Hasta que un día, Vera llamó a su puerta. Llevaba un transportín con un gato: Nieves, la mascota de Esteban.
—Perdone por ir sin avisar. Supe su dirección cuando Esteban aún vivía.
—¿Vivía? ¿Qué le pasó? —preguntó Ana, confundida.
—Después de que se fue, él cayó en depresión. Hace una semana, salió y dijo que no volvería. Pensé que bromeaba, pero luego… hubo un accidente. Estoy segura de que lo hizo porque no quería vivir sin usted.
Ana no lo creía hasta que vio el certificado. Ni siquiera se lo habían comunicado. Vera lo había despedido y ahora le traía a Nieves.
—¿La quiere llevar? —preguntó Vera con tristeza.
Ana aceptó al gato y cerró la puerta. Abrazó a Nieves y rompió en llanto.
Pero entonces…
—Señora, ¡hemos llegado! —la voz del conductor la despertó.
Ana abrió los ojos y se tocó el rostro mojado.

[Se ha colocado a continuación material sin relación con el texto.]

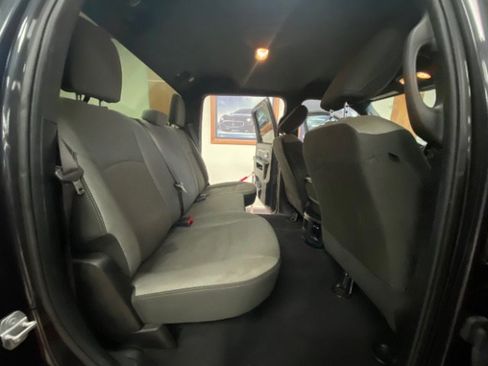 Used 2021 RAM 2500 Big Horn image 17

—¡Qué pesadilla! —pensó, aunque una duda se instaló en su corazón.
Decidió no avisar a Esteban. Al llegar, abrió la puerta con sus llaves, conteniendo la respiración.
Solo escuchó un “Miau” alegre: Nieves la recibió sola.
Esa noche, cuando Esteban llegó, la encontró entre pétalos de rosa, con lencería nueva.
—¡Me quedo para siempre! —dijo Ana, sonEsteban la abrazó con lágrimas en los ojos y susurró al oído: “Eres mi único sueño hecho realidad”.